Fiscal slippage, liquidity crunch, fear of NPAs not reaching the bottom yet, and the lack of demand and investment in the economy are perceived to be the risk factor, going into the next Diwali. With the government acknowledging the risks and promising to take the counter steps (fiscal recalibration) to arrest the slowdown and pull the economy back on track, investors can focus on identifying the stocks that promise to deliver consistent growth.
Diwali 2020, thus, promises to be prosperous for equity investors. Investors can focus on FMCG, select Pharma, select NBFC (better liquidity), railway stocks with the healthy order book, and the insurance sector stocks to beat the markets. Keeping the US$5 trillion economy target by FY2025 in mind, we recommend the following stocks with a one-year holding period at least to book healthy returns.
Biocon Limited is a biopharmaceutical company engaged in manufacturing generic active pharmaceutical ingredients (APIs), novel biologics as well as biosimilar insulin and antibodies. Biocon focuses on reducing therapy costs of chronic diseases with its aim of providing ease of access to affordable healthcare for patients and partners through its products and services. The company also owns a subsidiary, named Syngene International Limited which is into the business of integrated end-to-end discovery and development services.

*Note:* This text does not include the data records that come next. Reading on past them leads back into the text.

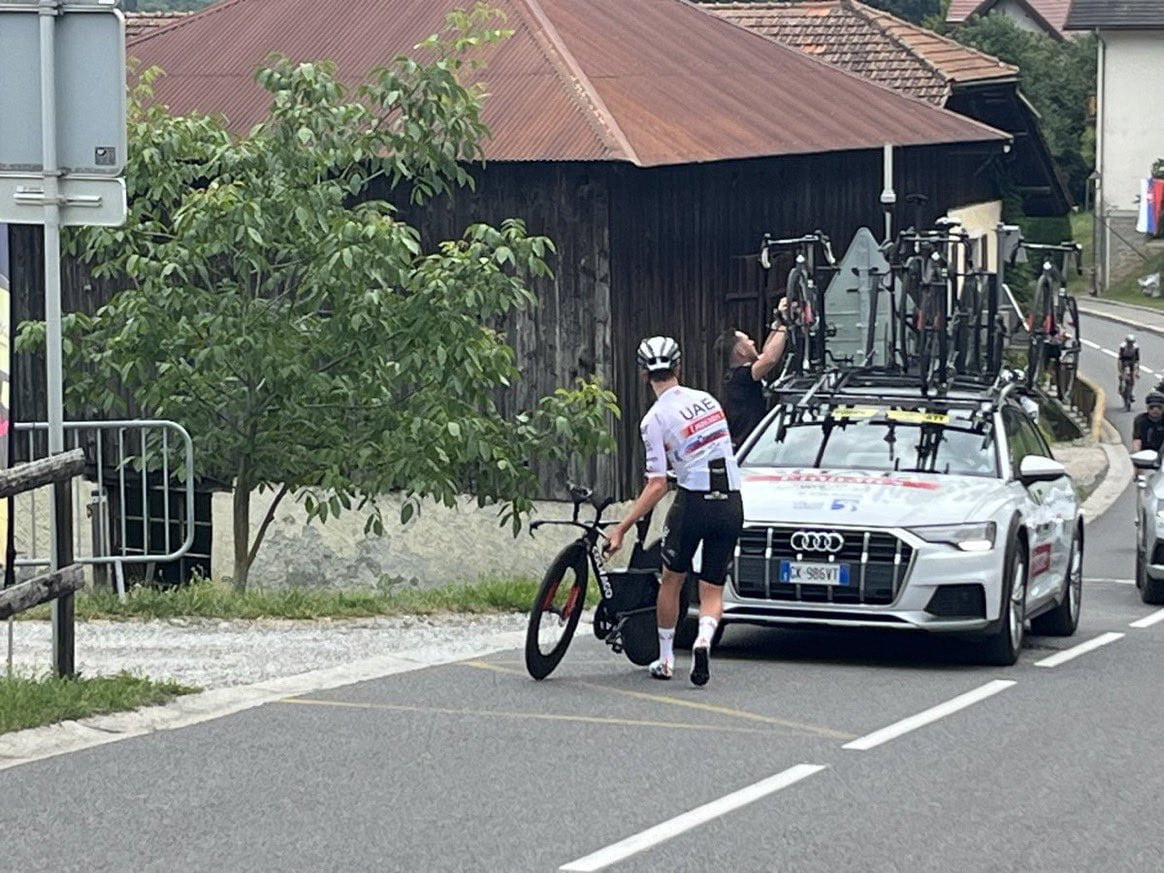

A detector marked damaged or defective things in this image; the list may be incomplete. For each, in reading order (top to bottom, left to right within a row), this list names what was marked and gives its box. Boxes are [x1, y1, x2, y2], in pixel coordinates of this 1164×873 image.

rusty metal roof [125, 0, 1004, 166]
rusty metal roof [708, 0, 1016, 105]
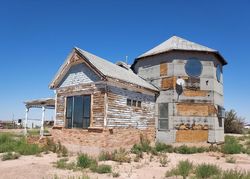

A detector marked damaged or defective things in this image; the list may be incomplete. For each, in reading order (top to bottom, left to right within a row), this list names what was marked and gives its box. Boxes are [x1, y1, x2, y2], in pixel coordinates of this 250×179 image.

broken window [185, 58, 202, 77]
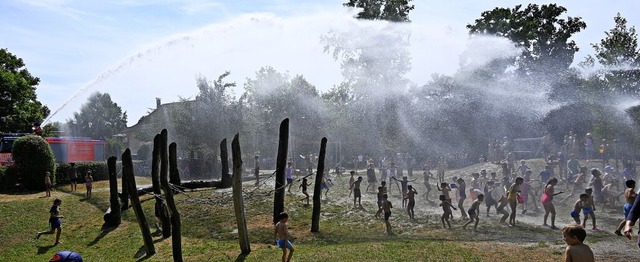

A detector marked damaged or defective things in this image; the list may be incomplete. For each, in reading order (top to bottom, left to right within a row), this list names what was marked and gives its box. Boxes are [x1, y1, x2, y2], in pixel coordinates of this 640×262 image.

charred wooden post [104, 157, 121, 226]
charred wooden post [123, 149, 157, 256]
charred wooden post [151, 134, 169, 238]
charred wooden post [161, 130, 184, 260]
charred wooden post [230, 135, 250, 254]
charred wooden post [272, 118, 288, 223]
charred wooden post [312, 138, 328, 232]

On a consolidated basis, the revenue from operations was Rs.1,465.9 crores in Q1FY20, an increase of 30.44 per cent compared to Rs.1,123.8 crores in Q1FY19. PBDT swelled by 53.98 per cent from Rs.289 crores in Q1FY19 and reached Rs.445 crores in Q1FY20. As a result of various product launches, the company’s net profit for Q1 of the current fiscal year touched Rs.235.6 crores, depicting a rise of 70.97 per cent from Rs.137.8 crores gained in the same quarter of the last fiscal year. For FY19, Biocon’s revenue increased by 33.53 per cent to Rs.5514.4 crores from Rs.4129.7 crores in FY18. PBDT grew by 70.65 per cent and reached Rs.1,661.8 crores in FY19 against Rs.973.8 crores achieved in FY18. Thanks to the revenue growth, led by the biologics segment, the company gained a net profit of Rs.10,001.7 crores in FY19, more than double the net profit yielded in FY18, which was Rs.431.8 crores. Three of the Biocon’s strategic business segments, small molecules, biologics, and research services, performed very well in FY19 and helped the company cross Rs.15 billion mark in terms of revenue. The biologics segment which recorded a growth of 97 per cent to Rs.1516.9 crores, was the key driver for Biocon’s incremental growth in the last financial year. The company’s revenue was boosted by 28 per cent to Rs.1,825.6 crores in the research services segment and 18 per cent to Rs.1,772.8 crores in the small molecules segment. However, the revenue growth in branded formulations was relatively less at 7 per cent to Rs.656.4 crores.
Being a pharmaceutical company, Biocon invests heavily in research and development activities, keeping the strong impact of R&D on the company’s future growth in mind. For FY19, the R&D expenses of the company increased by 34 per cent with an improved focus on biosimilars and generic formulations programs. From the revenue earned solely by Biocon (excluding the revenues gained from Syngene, its subsidiary enterprise) in FY19, the company spent 13 per cent or approximately Rs.479.6 crores on R&D. Since its acquisition, Syngene has been a strategic driving force for Biocon. It delivered a revenue growth of 28 per cent in FY19, which amounted to a whopping Rs.1,825.6 crores.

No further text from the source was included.